WHAT YOU SHOULD DO = This exercise calls for the records to be returned exactly, with images removed.

====== AVAILABLE RECORDS ======

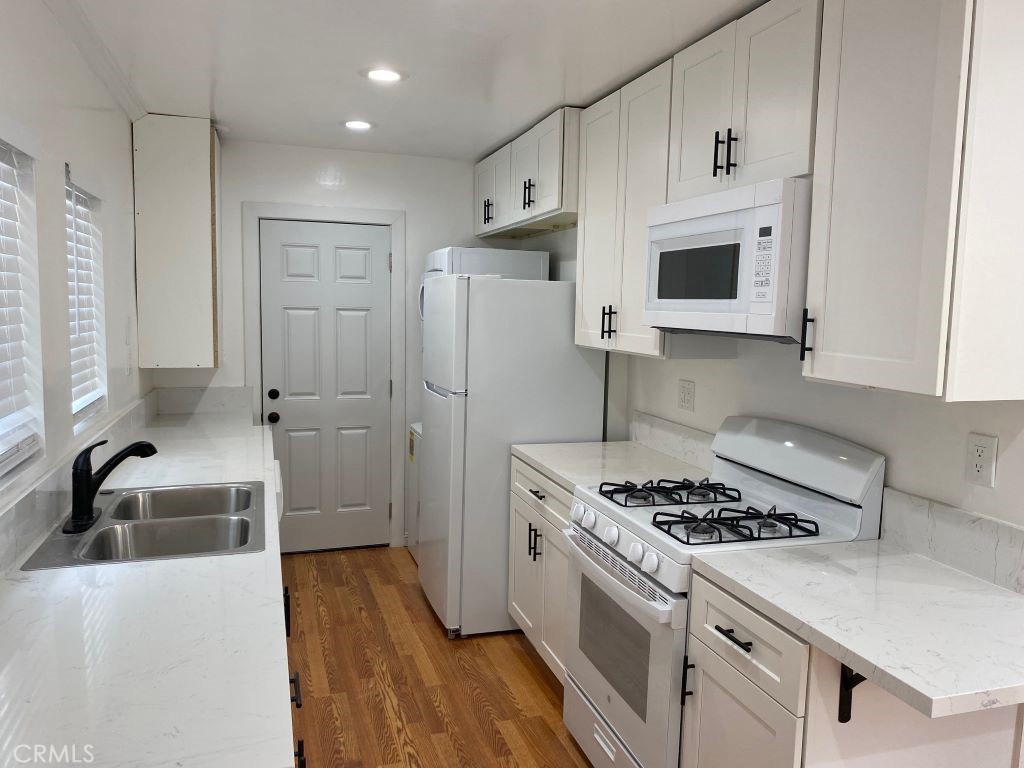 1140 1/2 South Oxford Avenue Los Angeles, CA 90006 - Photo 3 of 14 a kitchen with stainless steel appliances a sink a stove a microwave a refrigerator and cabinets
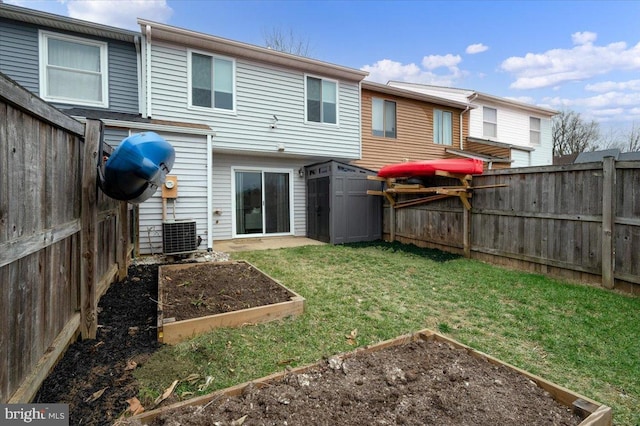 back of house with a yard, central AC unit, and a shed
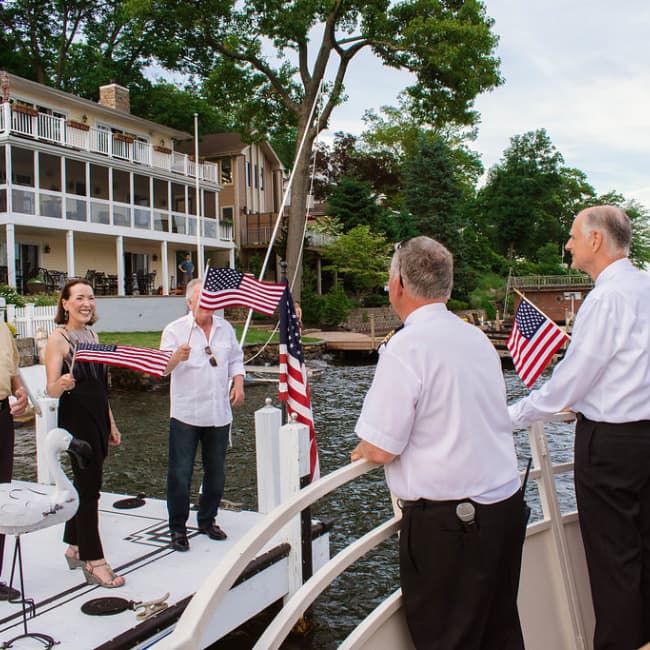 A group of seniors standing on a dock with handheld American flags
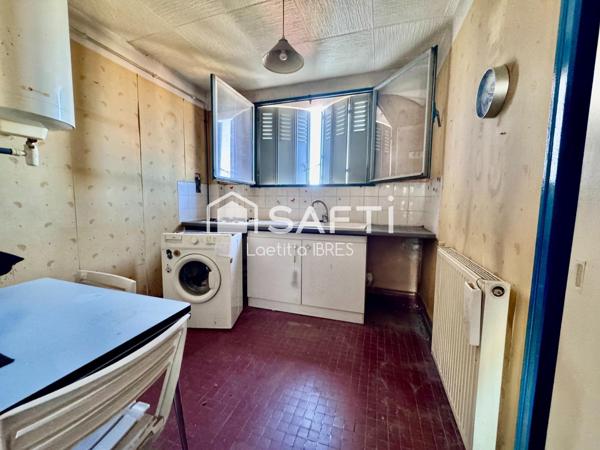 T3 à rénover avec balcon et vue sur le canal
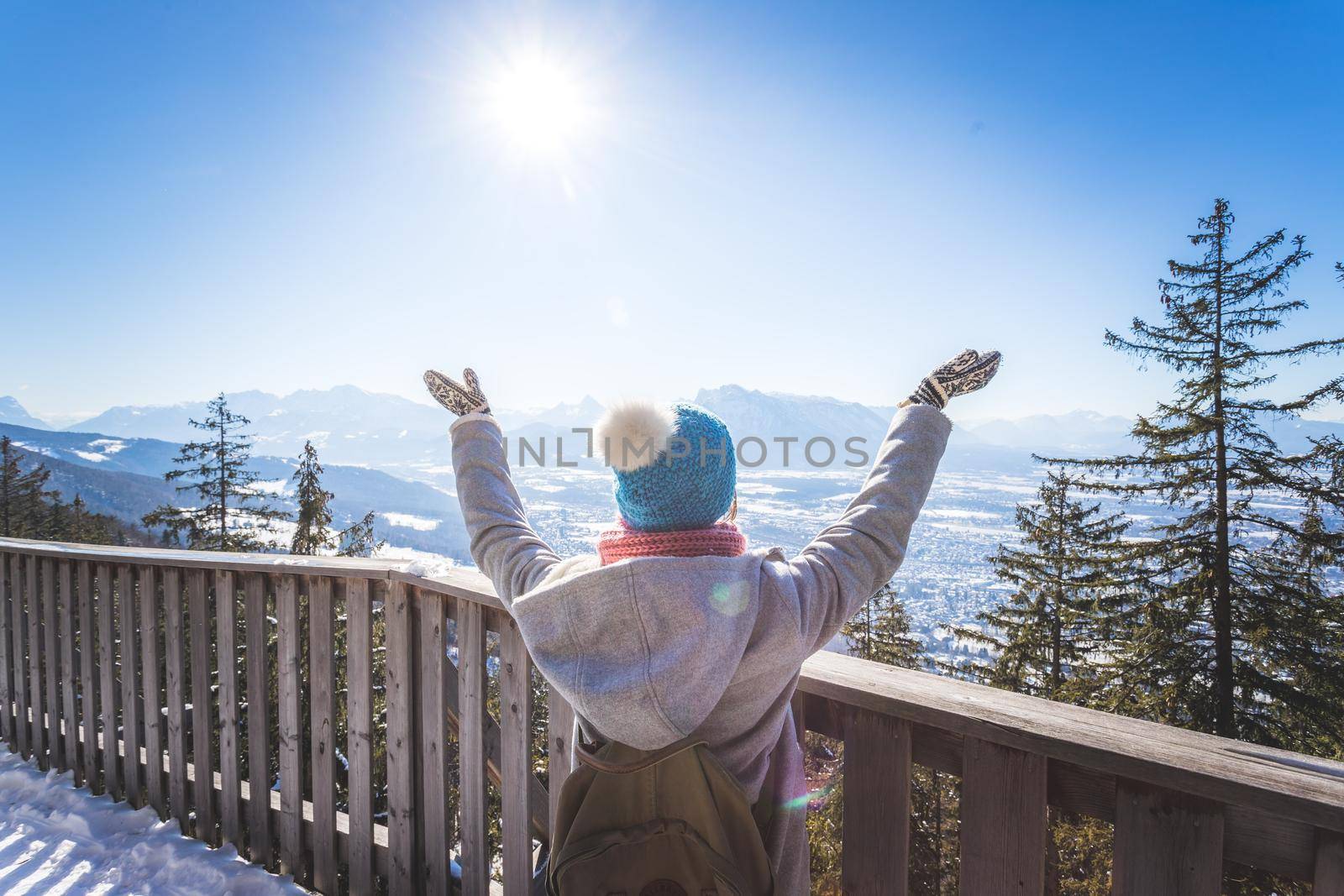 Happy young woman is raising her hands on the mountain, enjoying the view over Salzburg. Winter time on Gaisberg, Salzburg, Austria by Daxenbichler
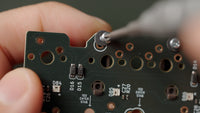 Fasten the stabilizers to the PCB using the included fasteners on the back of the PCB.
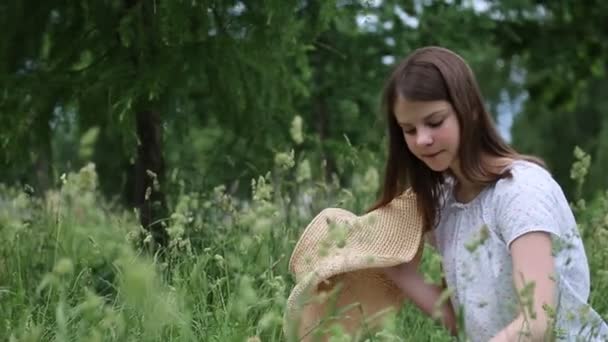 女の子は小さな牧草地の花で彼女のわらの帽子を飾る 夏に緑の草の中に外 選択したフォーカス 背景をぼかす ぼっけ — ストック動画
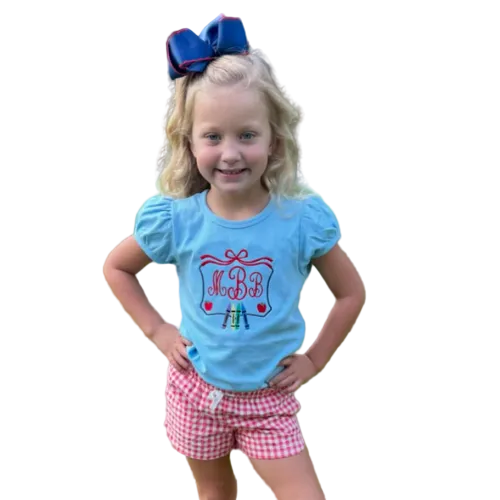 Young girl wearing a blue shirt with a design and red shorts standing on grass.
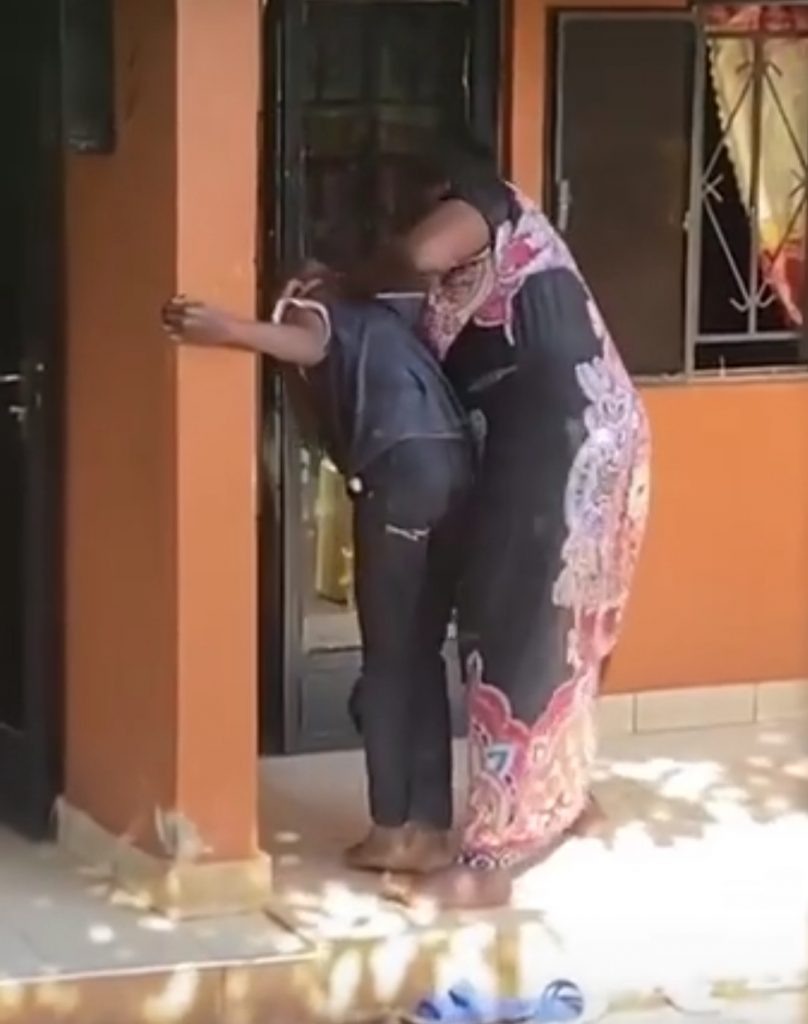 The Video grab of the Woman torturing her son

======

EXERCISE RESULT =
 1140 1/2 South Oxford Avenue Los Angeles, CA 90006 - Photo 3 of 14 a kitchen with stainless steel appliances a sink a stove a microwave a refrigerator and cabinets
 back of house with a yard, central AC unit, and a shed
 A group of seniors standing on a dock with handheld American flags
 T3 à rénover avec balcon et vue sur le canal
 Happy young woman is raising her hands on the mountain, enjoying the view over Salzburg. Winter time on Gaisberg, Salzburg, Austria by Daxenbichler
 Fasten the stabilizers to the PCB using the included fasteners on the back of the PCB.
 女の子は小さな牧草地の花で彼女のわらの帽子を飾る 夏に緑の草の中に外 選択したフォーカス 背景をぼかす ぼっけ — ストック動画
 Young girl wearing a blue shirt with a design and red shorts standing on grass.
 The Video grab of the Woman torturing her son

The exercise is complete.